Tip: Do many small tests

Suppose you have 5 changes between A and B
You will get one yes/no answer
Some changes might be good, some bad, you have no insight
5 parallel tests is far more informative
And finishes about as fast

9. Many versions

Previous Section
Next Section
Contents

A/B/C... testing the wrong way

We often want to test more than 2 versions against each other
Statistics books say g-test (and its relative chi-square) works for more than 2x2
With $n versions, and $m possible answers, you can set up the table like we did...
do the same calculations (with more variables)...
and $p = chisqrprob(($n-1)*($m-1), $g_test)

Why is this wrong?

The statistics books are right...
but you can't interpret your answer!
You know that there is a difference, but not what it is
That's not good enough for us
We need a winner

Extreme example

Suppose we have 10 million versions
Half convert at 51%, half at 49%
At 21 samples each you know they are different
But you can't tell the 51% versions from the 49% versions!

A/B/C... testing take 2

Try to show that the best is better than the worst
So compare the best with the worst using the g-test
We get a probability $p of our result for a random pair
But we expect the best and worst to be different
So a low $p is more likely than chisqrprob says
We need a fudge factor to correct

Finding the right fudge factor

There are $n*($n-1)/2 pairs of versions
Therefore a low $p could happen this many ways
That's a lower bound on $p
Let's verify by simulating a million A/B tests
Here are the resulting graphs
$n*($n-1)/2 is indeed a close estimate at the point where we want to make decisions

A/B/C... testing the right way

Run your A/B test with $n versions
Compare the best with the worst
Multiply $p by an appropriate fudge factor
If $p is small enough, drop the worst version
Repeat until you have found your winner

10. Statistics overview

Previous Section
Next Section
Contents

Back to theory

The G-test is a very powerful tool
However there are things it can't do
Plus we should look at a couple of things more deeply
For that we need some more theory

Some basic terms

Let X be a random variable
The expected value, E(X), is what you expect the arithmetic average of many samples to be
The variance, Var(X), measures variability. It is defined as E((X - E(X))²) = E(X²) - E(X)²
The standard deviation, Std(X), is sqrt(Var(X))

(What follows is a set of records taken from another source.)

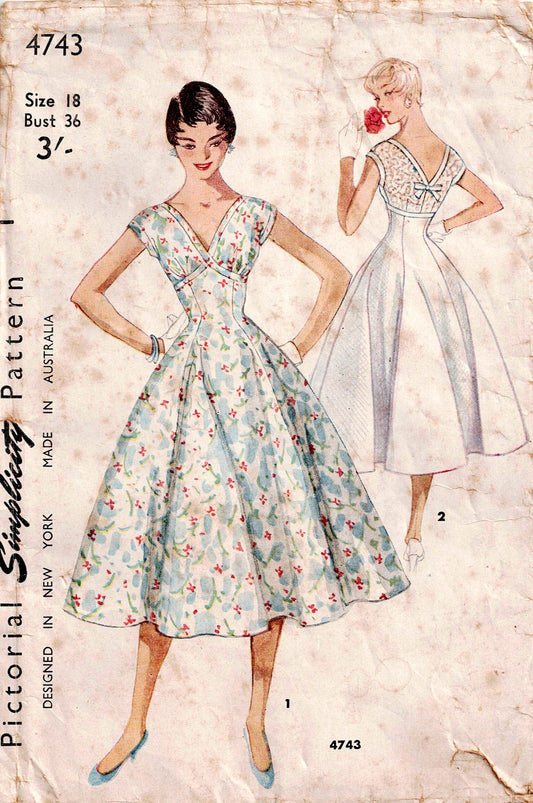 Simplicity 4743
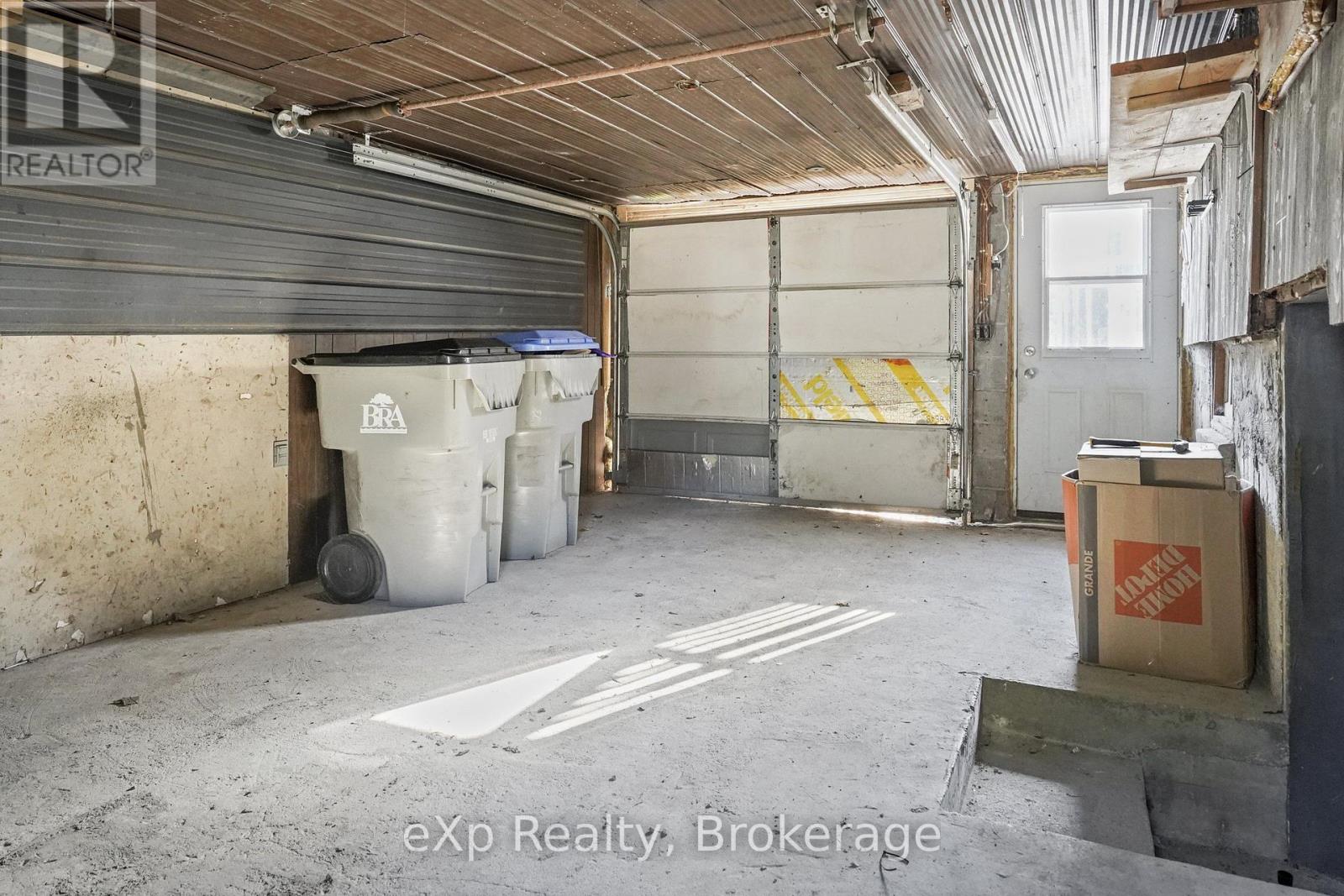 44 SCHADE STREET - 39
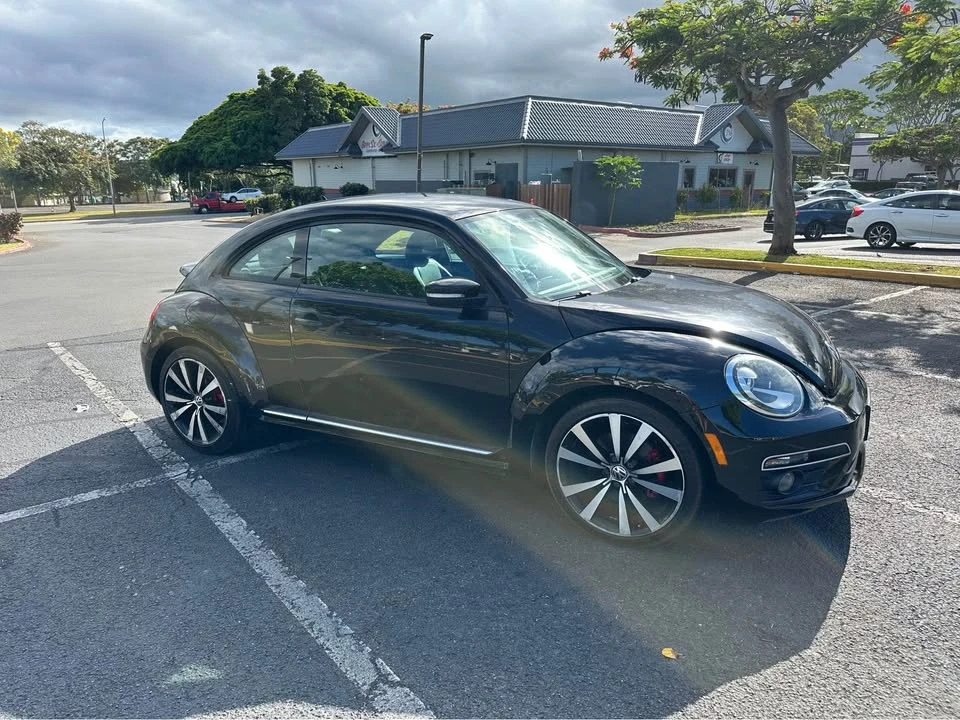 2012 Volkswagen A5 Beetle - Image 9 of 16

Distribution of the fair coin

Let's consider the case of a fair coin
Heads we call it 1, tails is 0
The expected value is 0*p(0) + 1*p(1) = 0*0.5 + 1*0.5 = 0.5
The variance is (0-0.5)²*p(0) + (1-0.5)²*p(1) = 0.25*0.5 + 0.25*0.5 = 0.25
The standard deviation is sqrt(variance) = sqrt(0.25) = 0.5

Basic properties

Let X and Y be independent random variables, and k be a constant
Then the following hold
E(X+Y) = E(X) + E(Y), and Var(X+Y) = Var(X) + Var(Y)
E(k+X) = k + E(X), and Var(k+X) = Var(X)
E(k*X) = k * E(X), and Var(k*X) = k² * Var(X)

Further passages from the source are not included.